If data within a field varying from a form specification was the biggest issue, you would probably still be able to use the spec for data quality fairly effectively.

It isn’t, though.

Valuable information can end up in a “Notes” field because a new business need arose after the system was implemented and the software wasn’t updated.

Or new varieties of a product or service come and go without the spec ever being updated. The data about those varieties lingers in the database, undocumented in the spec, as the people who were there and knew what it’s about begin leaving the company.

Or maybe the issue didn’t arise at the point of data entry. In one project, the Great Migration of 2004 had truncated a small percentage of values in a certain field. (This still counts as originating from the human element, since the migration didn’t do itself.)

By looking at the data first, you can build a spec for your data quality program that actually accounts for what you have.

But how to do it?.

There are 3 basic parts to data-first investigation:

Look at your raw data.
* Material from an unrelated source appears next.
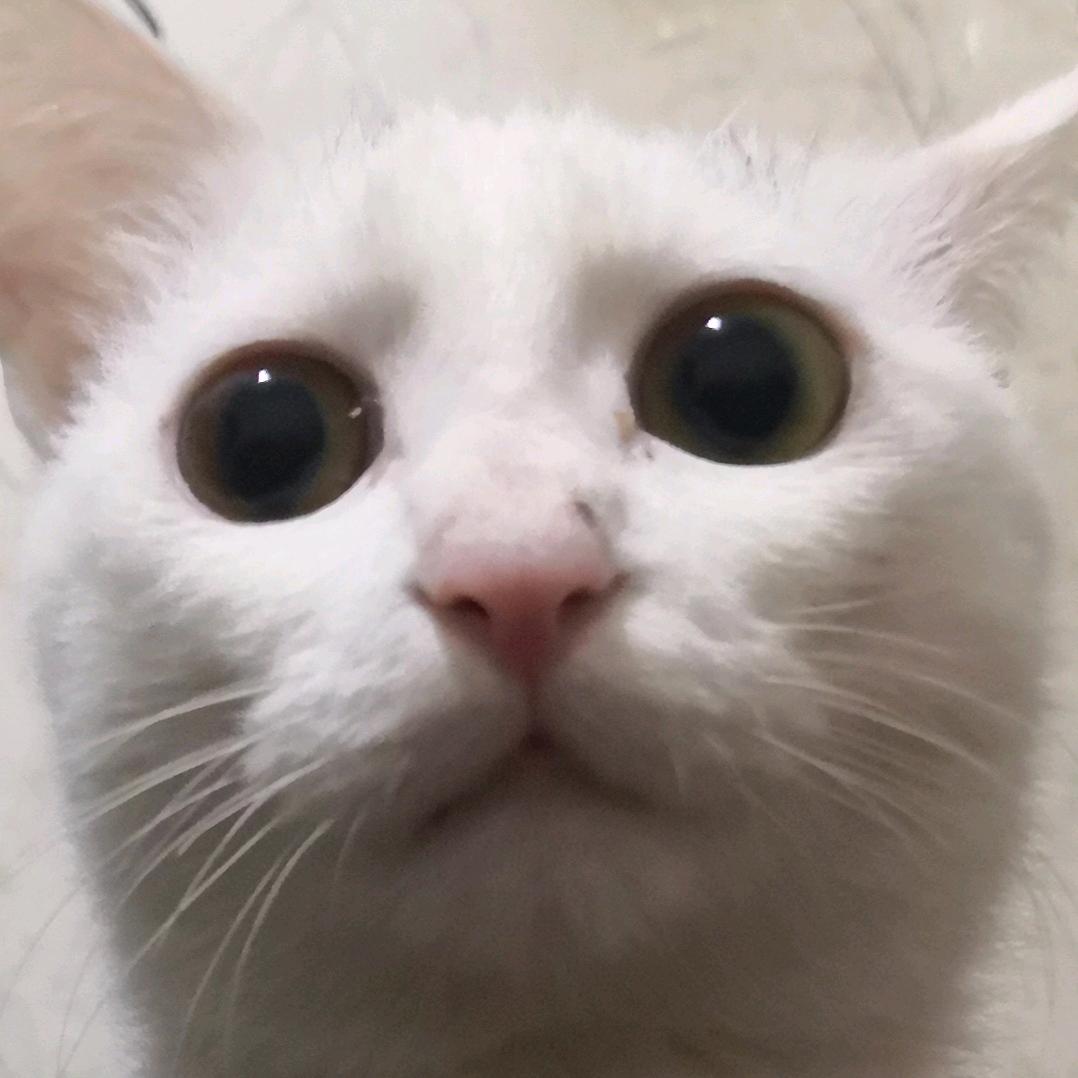 幸运星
No, not like sitting and randomly scrolling through it (although if you’re unfamiliar with the dataset you should probably do a bit of that too).
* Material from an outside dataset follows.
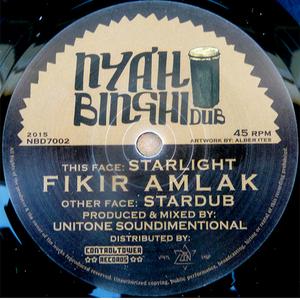 Starlight (feat. Fikir Amlak)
Use an analysis and profiling tool to get an idea of what it’s in there and let it point you to records of interest: statistical outliers, uncommon data patterns, values that occur too frequently or not frequently enough. And, yes, variations in form and format.
Match your data. It’s all too easy for the same person, place, or thing to end up represented more than once in the data, even if you only have one system.
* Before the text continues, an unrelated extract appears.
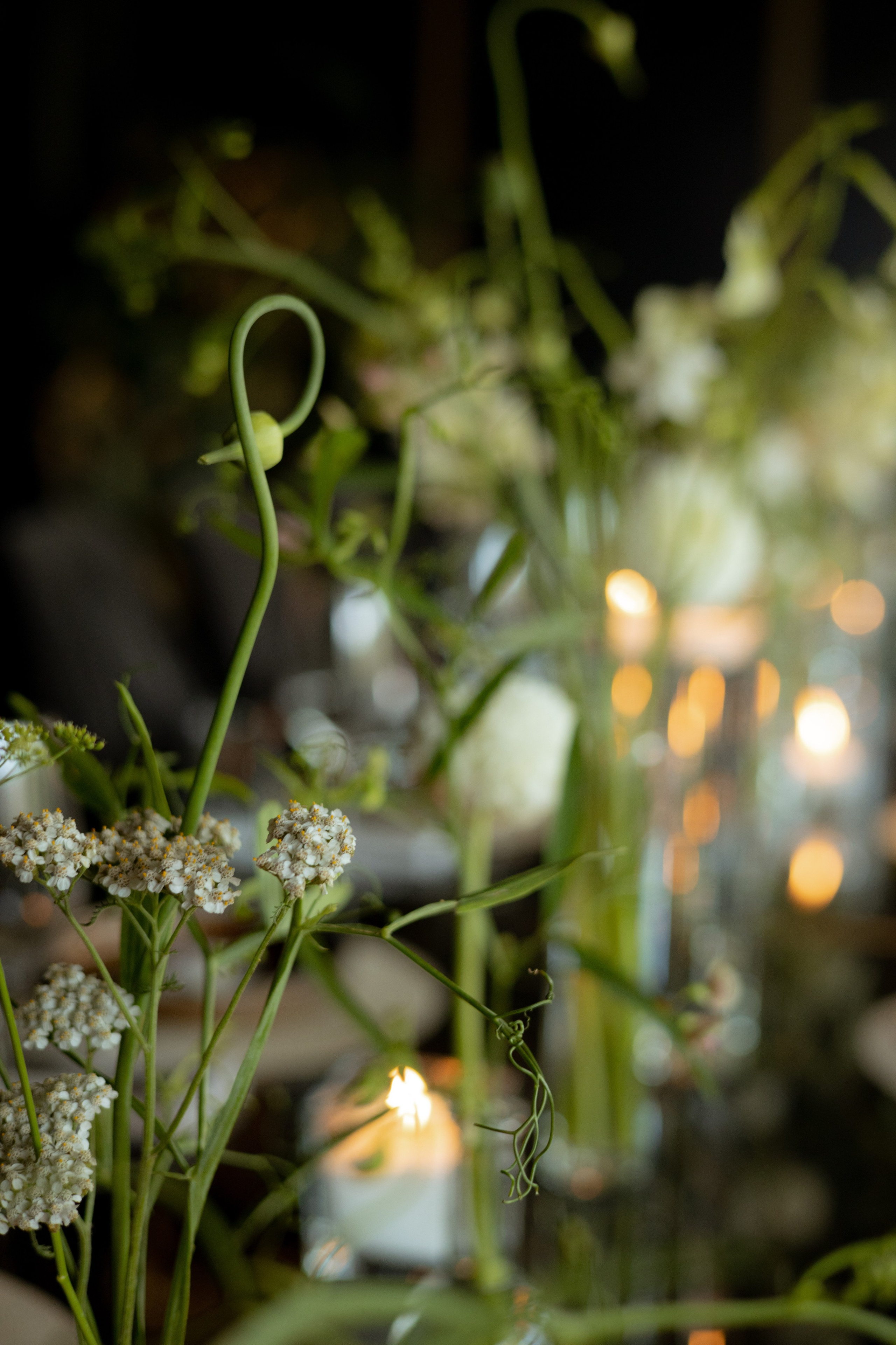 Алина & Николай. Оформление свадеб, декор свадеб Вера Маркова, Москва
Here’s where bigger organizations have an easier time: with powerful entity resolution tools, you can have a much easier time matching data in this early, unimproved-by-data-quality state.

At smaller organizations, do the best you can with what you have available, whether that’s a lower-powered but still purpose-built match/merge tool or homegrown queries and code. Be creative in investigating how you can reliably match data: don’t stick to ID numbers alone and, if you can, account for non-exact matches (for example, let Wisconsin Ave match Wisconsin Avenue).
Check your data against your spec. See if your assumptions about the processes, policies, and procedures surrounding your data hold up to reality. Does every record have an address? Is this outlier value invalid, or is there something missing from the spec?

Sometimes you might be able to look to your tools or documentation to answer these questions. Sometimes you’ll have to scour the basements (metaphorically, and possibly literally) to find the person who knows the answer.

To get the best result, work through these steps as a very interactive and iterative process. It’s better to get some results quickly and use those to inform your next try than to spend a long time on each step trying to get everything you possibly can the first time through.

The importance of the data-first approach is directly correlated to how much data you have. If you have relatively few systems and people with a lot of direct experience with the data, you might be able to get away with combining that direct experience with your spec plus maybe a pass or two of the data-first process.

For large enterprises, data-first work is extremely important. Large amounts of historical data, siloed operations, and a large variety of systems multiply the opportunities for hidden types, complexities, and workarounds to manifest in your data.